Design YouTube / Video Streaming
Design video upload, transcoding, and global streaming for 1B+ daily views.
Required building blocks
Object Storage (Blob)
CDN
Message Queue
Relational DB (SQL)
Load Balancer
Nice to have
Search Index
Wide-Column Store
Canonical answer
Upload → object storage → queue → transcoder workers → multiple bitrates → CDN. Metadata in SQL; view counts in wide-column. Adaptive bitrate (HLS/DASH).
Capacity estimation
- 500K uploads/day, avg 100 MB → 50 TB/day raw ingest, ~18 PB/year before transcoding.
- Transcoding into ~6 renditions (240p–4K) → ~5x storage amplification ≈ 250 TB/day post-encode.

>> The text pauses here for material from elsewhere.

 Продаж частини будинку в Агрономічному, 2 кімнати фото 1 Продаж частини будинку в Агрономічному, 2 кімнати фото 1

- 1B views/day × avg 10 MB streamed → 10 PB/day egress; CDN absorbs >95%, origin sees <500 TB/day.
- Peak streaming: 1B / 86400 × 3x peak ≈ 35K concurrent stream starts/sec; sustained ~5M concurrent viewers.
- Metadata: ~1B videos lifetime × 2 KB ≈ 2 TB in SQL (sharded by video_id).

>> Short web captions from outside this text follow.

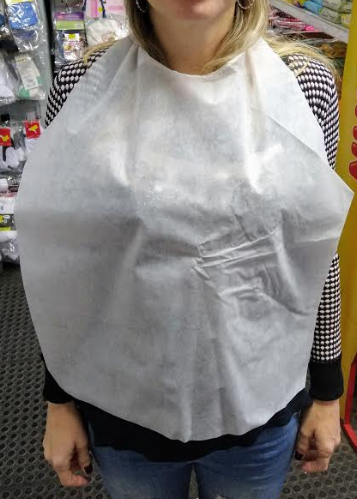 Imagem Segundaria do Produto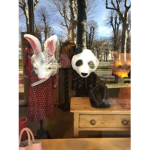 MusicBox Society
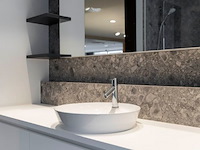 Badkamer meubel box 5 - afbeelding 17 van  29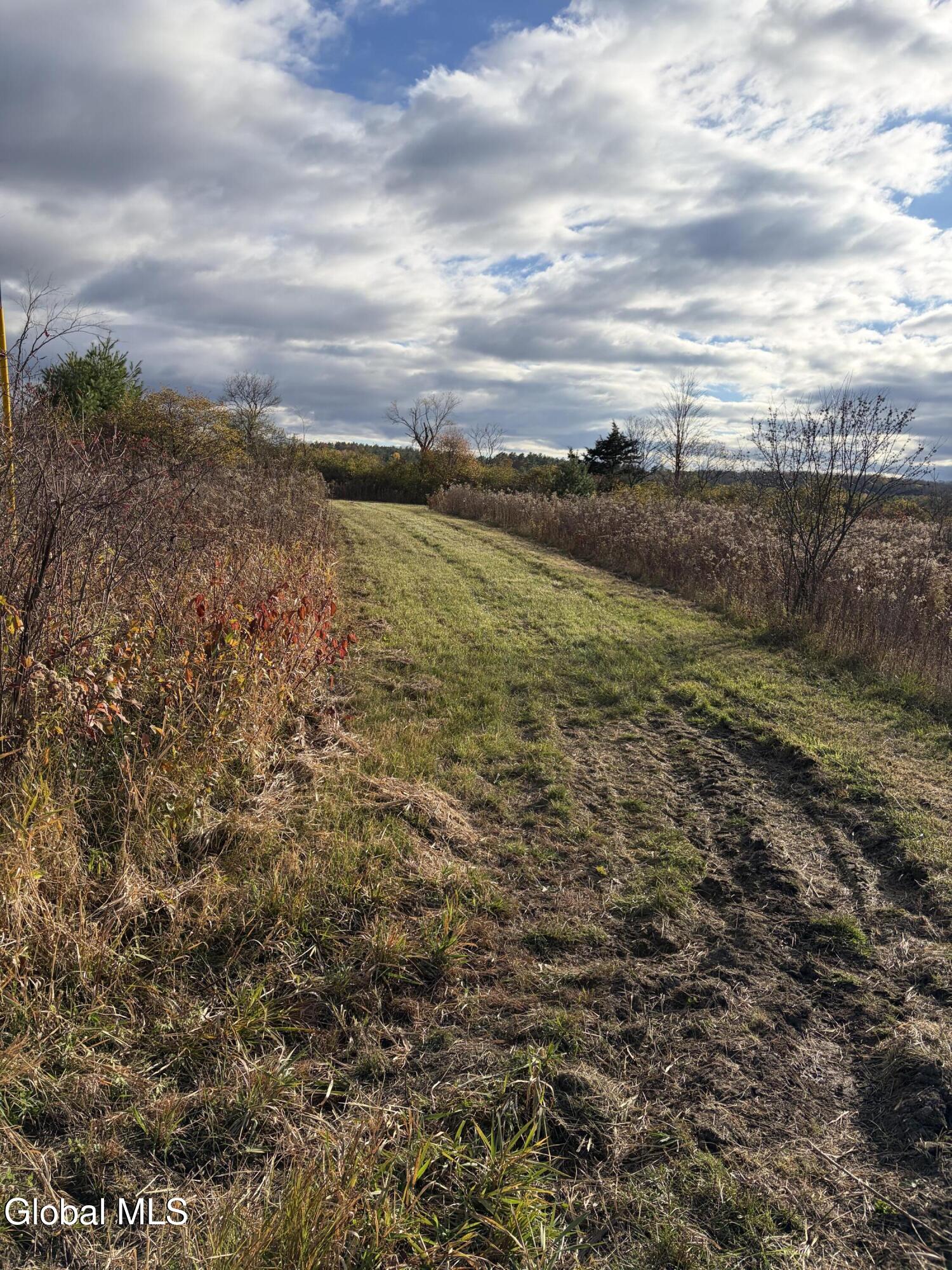 39 Valley View Way Salem, NY 12865 - Photo 5 of 13 IMG_0467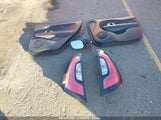 KIA SOUL KNDJN2A22F7169714 снимка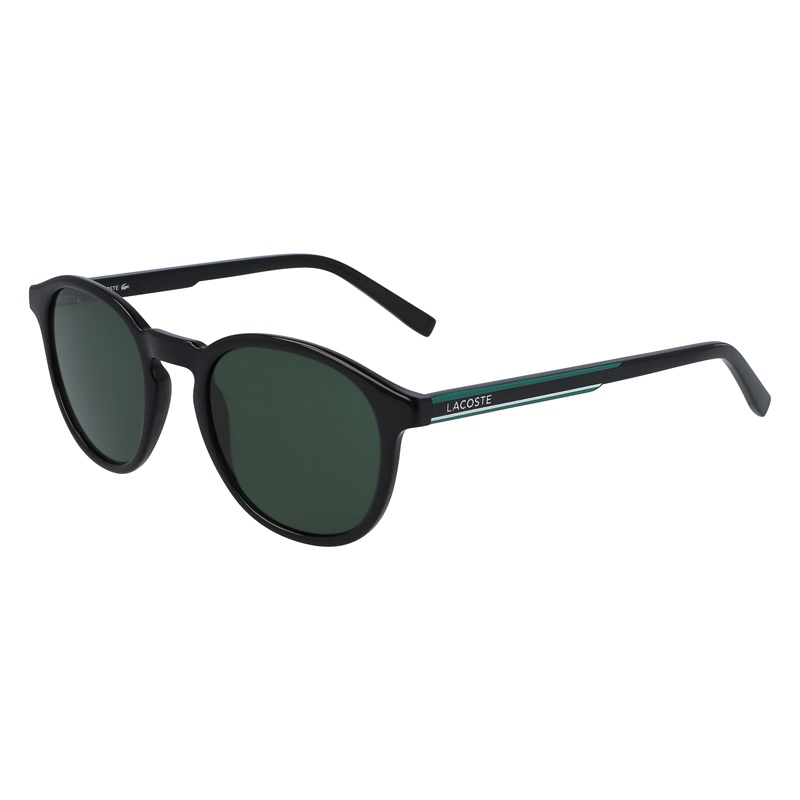 LACOSTE L916S-001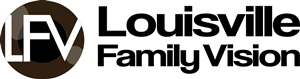Logo Design by Evan for this project | Design: #3937557
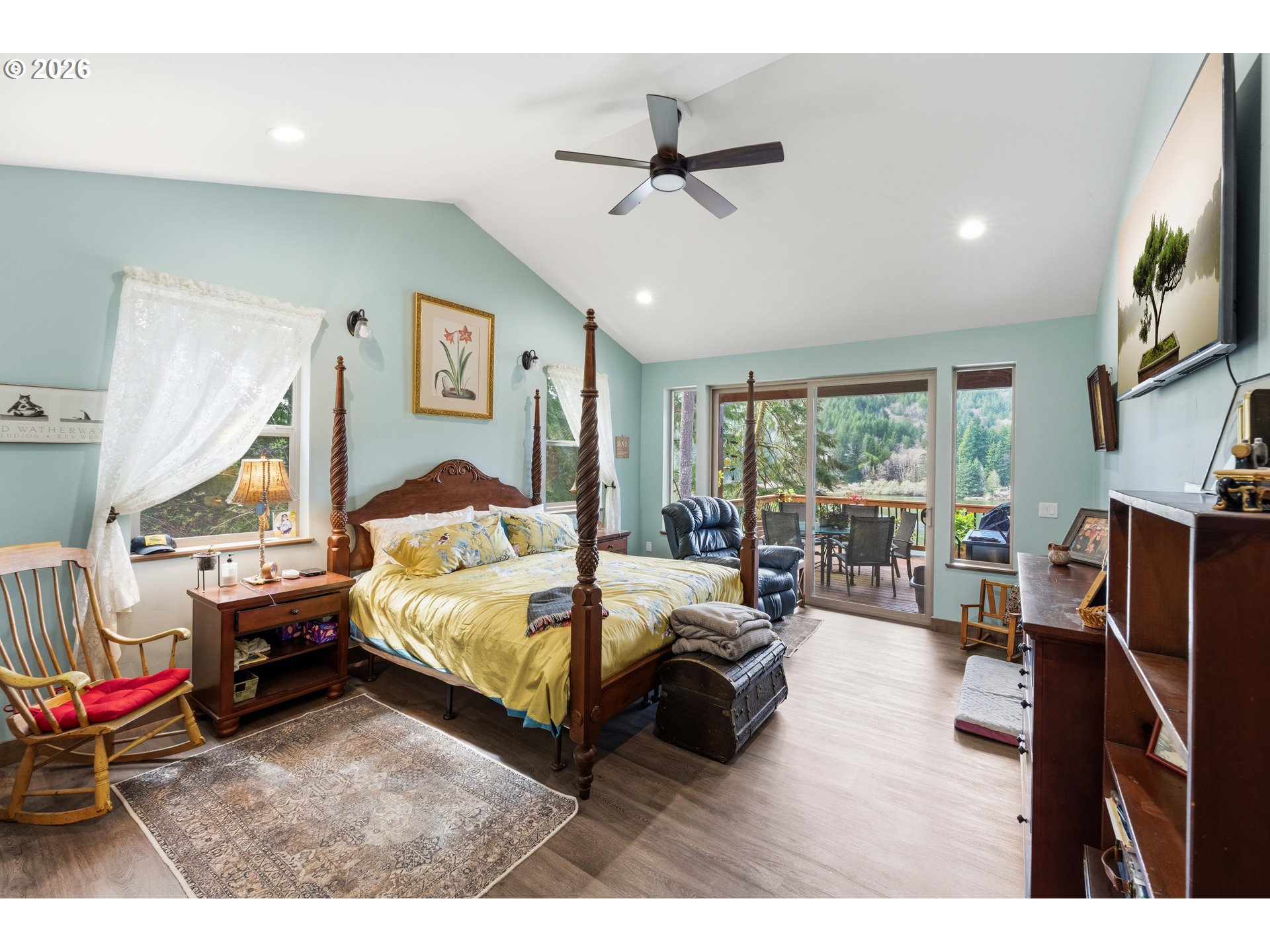 72312 Potlatch Rd Property Photo 14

- Transcoder fleet: 50 TB/day / (8 cores × 0.5x realtime) → ~30K vCPU sustained, autoscaled on queue depth.
Architecture
Uploader ─→ Resumable Upload Svc ─→ S3 (raw)
│
▼
Kafka (jobs)
│
▼
Transcoder Workers (k8s)
│
▼
S3 (HLS/DASH renditions)
│
▼
CDN (global PoPs)
▲
Viewer ─→ DNS ─→ API Gateway ─────────┘
│
▼
Metadata SQL (sharded)
View Counts (Cassandra)
Search (Elasticsearch)API
- POST /uploads/init { filename, size, mime } → { upload_id, chunk_urls[] }
- PUT /uploads/:id/chunks/:n (resumable) → 200
- POST /uploads/:id/complete → { video_id, status: processing }
- GET /videos/:id → { manifest_url, title, channel, stats }
- GET /watch/:id/manifest.m3u8 → HLS playlist (signed, CDN-served)

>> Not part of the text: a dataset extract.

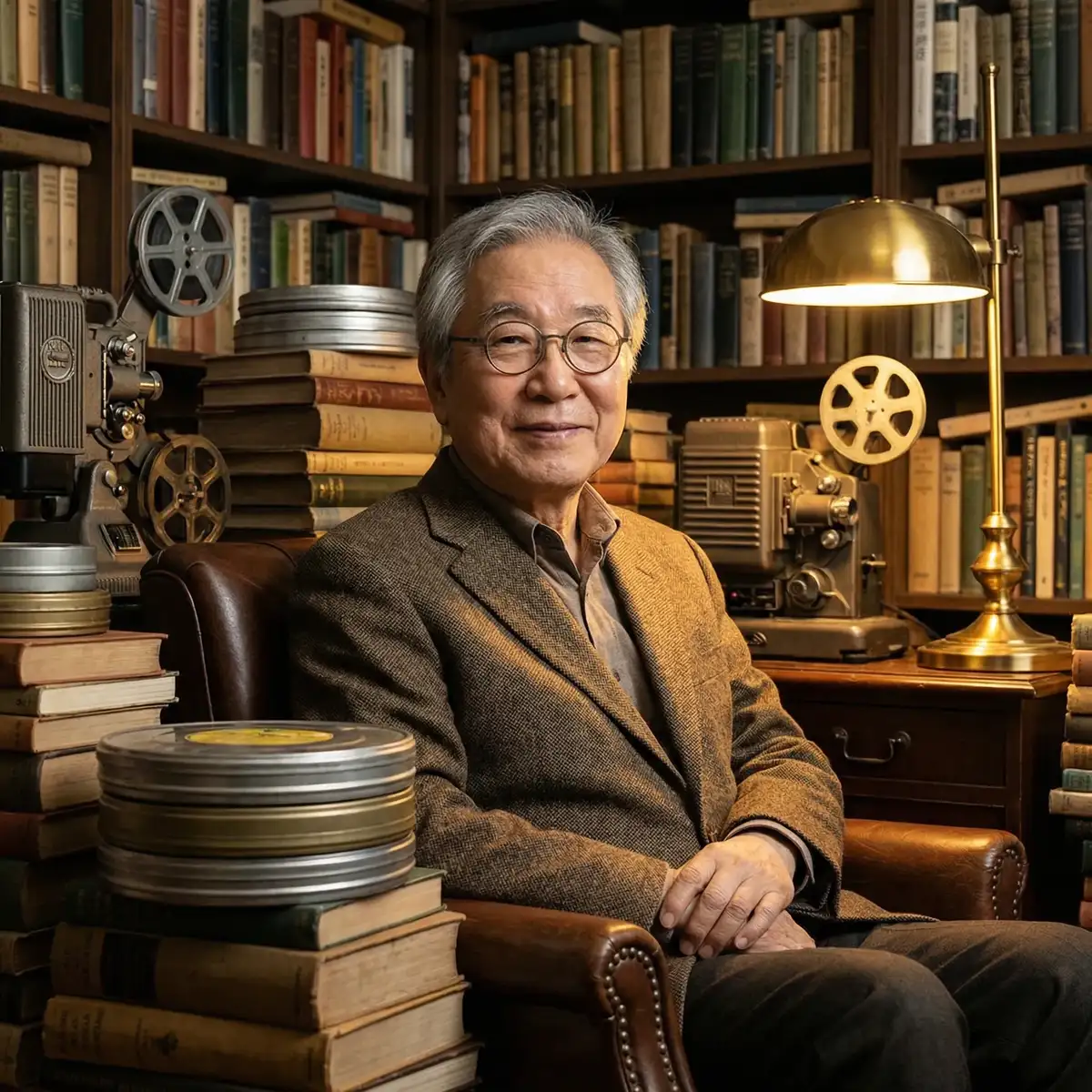 亚洲伦理片库馆长肖像 - 少妇白洁 小说 研究学者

- POST /videos/:id/view → 202 (async to counter pipeline)
Data model
videos (SQL, sharded by video_id):
video_id (PK) : uuid
uploader_id : uuid
title, desc : string
duration_s : int
status : enum(uploading|processing|ready|failed)
created_at : timestamp
renditions (SQL):
video_id (FK) : uuid
resolution : enum(240p|360p|...|2160p)
codec : string
s3_key : string
bitrate_kbps : int
view_counts (wide-column, partition = video_id, cluster = bucket_hour):
video_id : uuid
bucket_hour : timestamp
views : counterConcept blurbs
Object Storage (Blob)
Cheap durable storage for large immutable blobs (S3, GCS).
CDN
Edge-cached static (and sometimes dynamic) content close to users.
Message Queue
Decouple producers/consumers; buffer bursts; enable retries (SQS/RabbitMQ).
Relational DB (SQL)
ACID, joins, secondary indexes; vertical scale + read replicas.
Load Balancer
Distribute requests across healthy backends (L4 or L7).
Search Index
Inverted index for full-text search and faceting (Elasticsearch, OpenSearch).
Wide-Column Store
Sparse rows over many columns; time-series friendly (Cassandra, HBase, Bigtable).